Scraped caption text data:
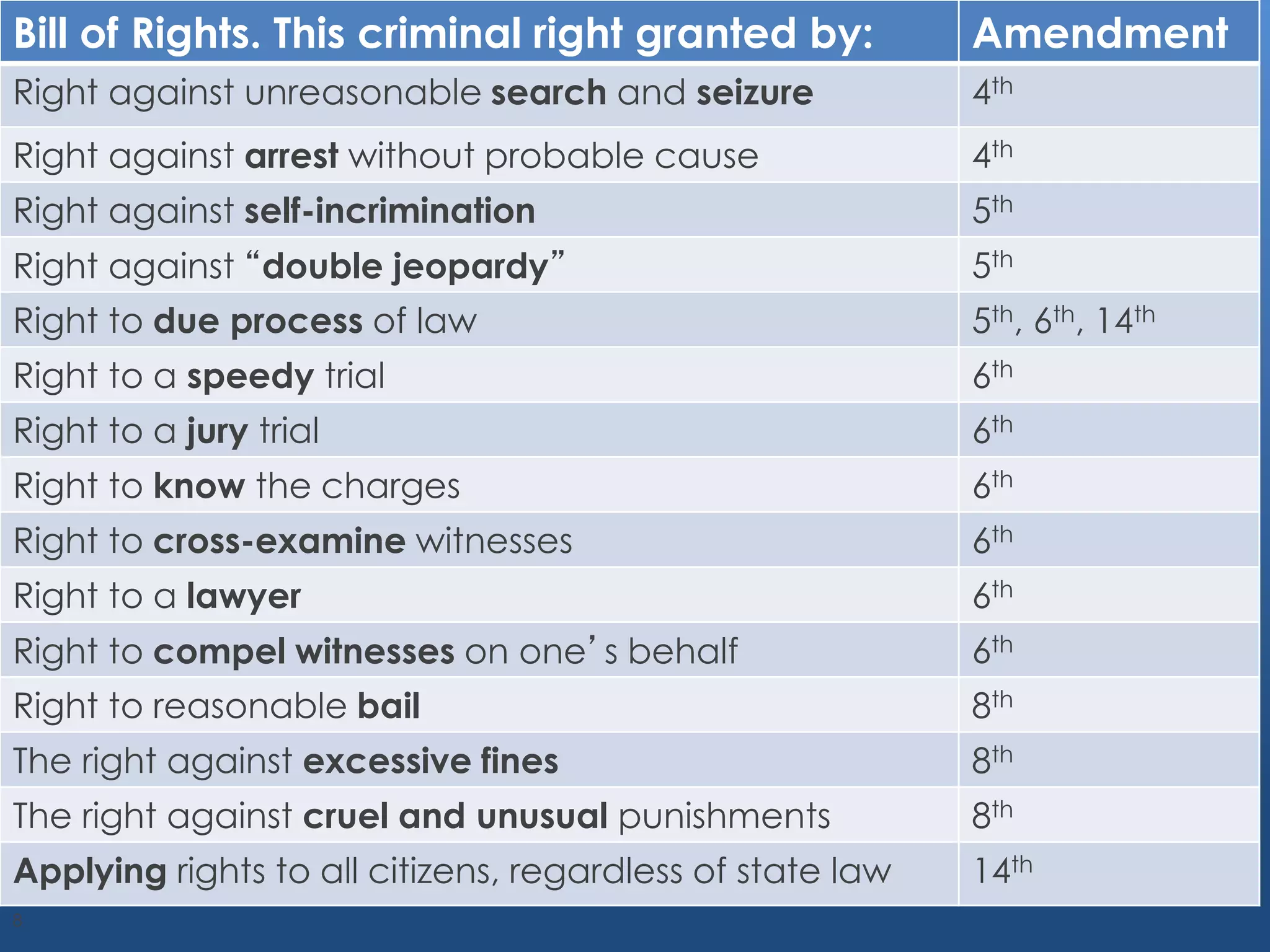 © 2014 by Pearson Higher Education, Inc
Upper Saddle River, New Jersey 07458 • All Rights Reserved
Constitutional Amendments
8
5.1
Bill of Rights. This criminal right granted by: Amendment
Right against unreasonable search and seizure 4th
Right against arrest without probable cause 4th
Right against self-incrimination 5th
Right against “double jeopardy” 5th
Right to due process of law 5th, 6th, 14th
Right to a speedy trial 6th
Right to a jury trial 6th
Right to know the charges 6th
Right to cross-examine witnesses 6th
Right to a lawyer 6th
Right to compel witnesses on one’s behalf 6th
Right to reasonable bail 8th
The right against excessive fines 8th
The right against cruel and unusual punishments 8th
Applying rights to all citizens, regardless of state law 14th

PROBLEM DESCRIPTION –
Where a line of the data contains the string "trial", include it in a count, and state that count alone.

RESULT OF THE EXERCISE –
2